0
votes

I have a text file that has some ® (Registered Trade Mark) symbols in it. The file is in UTF-8.

I'm trying to import this file and populate a MySQL database using Rails 3. The DB appears to be setup fine to take UTF-8

+-------------+--------------+-----------------+------+-----+---------+----------------+---------------------------------+---------+
| Field       | Type         | Collation       | Null | Key | Default | Extra          | Privileges                      | Comment |
+-------------+--------------+-----------------+------+-----+---------+----------------+---------------------------------+---------+
| id          | int(11)      | NULL            | NO   | PRI | NULL    | auto_increment | select,insert,update,references |         |
| user_id     | int(11)      | NULL            | YES  | MUL | NULL    |                | select,insert,update,references |         |
| title       | varchar(255) | utf8_general_ci | YES  |     | NULL    |                | select,insert,update,references |         |
| translation | text         | utf8_general_ci | YES  |     | NULL    |                | select,insert,update,references |         |
| created_at  | datetime     | NULL            | NO   |     | NULL    |                | select,insert,update,references |         |
| updated_at  | datetime     | NULL            | NO   |     | NULL    |                | select,insert,update,references |         |
+-------------+--------------+-----------------+------+-----+---------+----------------+---------------------------------+---------+

Yet, when I try to do this:

trans_file = params[:descriptions] #coming from file_field_tag
trans = trans_file.read.split("\r\n")
trans.each do |tran|
  ttl = ''
  desc = ''
  tran.split(']=').each do |title|
    if title =~ /\[/ #it's the title
      ttl = title.sub('[','')
    else
      desc = title.gsub('FFF', "\r\n")
    end
  end
  @current_user.cd_translations.build(title: ttl, translation: desc).save

I'm getting the error "Action Controller: incompatible character encodings: ASCII-8BIT and UTF-8".

I'm using the utf-8 encoding in my application.rb file, and I'm using the mysql2 gem.

If I remove the Registered Trade Mark character, the error goes away. But it's not really an option to strip it out of the incoming text.

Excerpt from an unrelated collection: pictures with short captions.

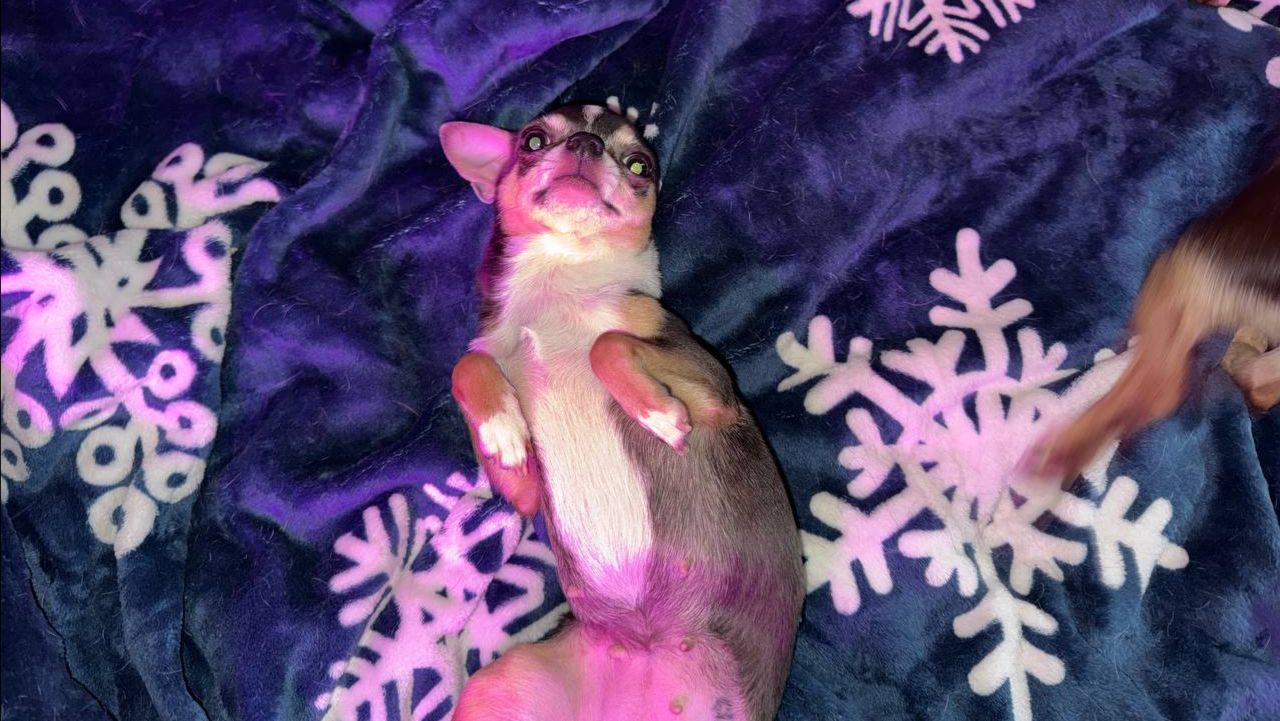 Доброго всем утречка и приятного начала дня!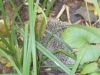 DSCN0133.JPG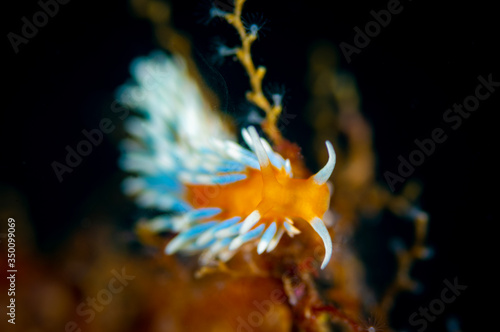 The nudibranch Trinchesia ornata from Sea of Japan  North Prin morye  Russia.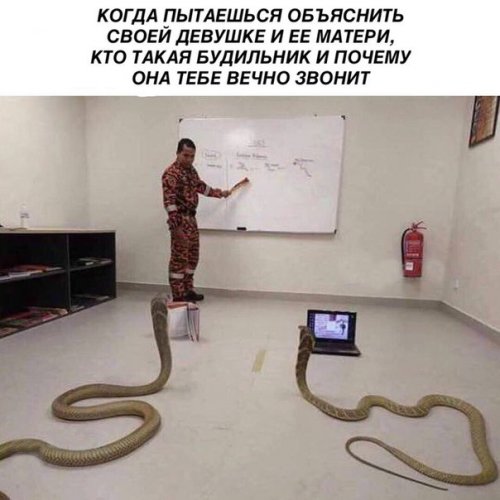 Прикольные фотомемы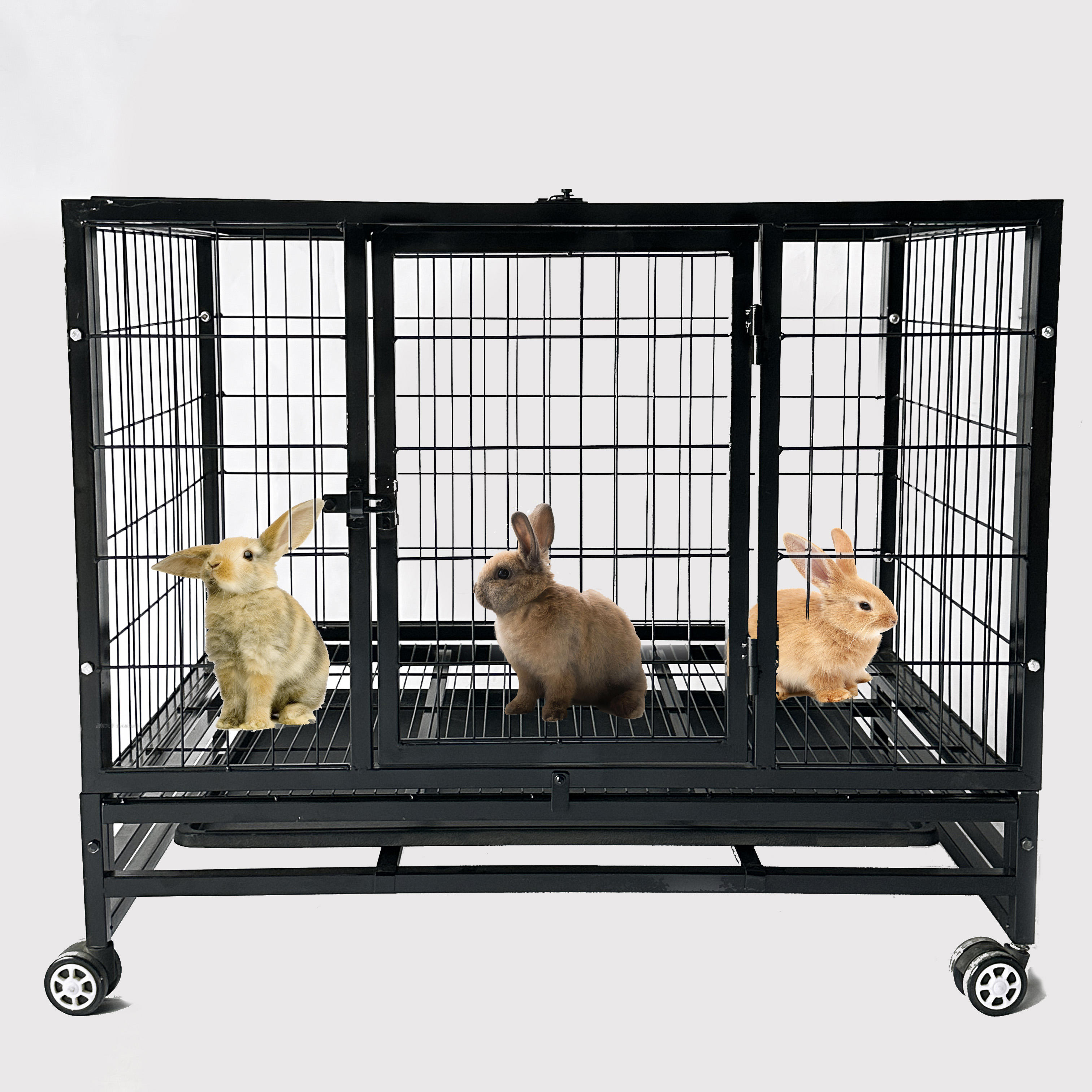 Raising Rabbits Best Way To Set Up Rabbit Cage Outdoor Rabbit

I tried the solution here: https://stackoverflow.com/a/5215676/102372, but that didn't make any difference.

Stack trace:

app/controllers/users_controller.rb:28:in `block in update_cd_translations'
app/controllers/users_controller.rb:15:in `each'
app/controllers/users_controller.rb:15:in `update_cd_translations'
config/initializers/quiet_assets.rb:7:in `call_with_quiet_assets'

How can I resolve this?

2
Can you show how you're opening / reading from the file? Have you set any of the default encodings? What does the stack trace look like?Frederick Cheung
What is the encoding of that controller file? You can see what ruby thinks it is by checking the encoding of any of the string literals in itFrederick Cheung
It's US-ASCII, but trying Lictamberg's answer below doesn't change the exception I'm getting.croceldon
What encoding does ruby think the strings coming from your uploaded file are?Frederick Cheung
Ah, it's showing ASCII-8BIT, is there a way to convert?croceldon

2 Answers

1
votes

It appears that ruby thinks that the encoding of the uploaded file is ascii-8bit (that is to say binary).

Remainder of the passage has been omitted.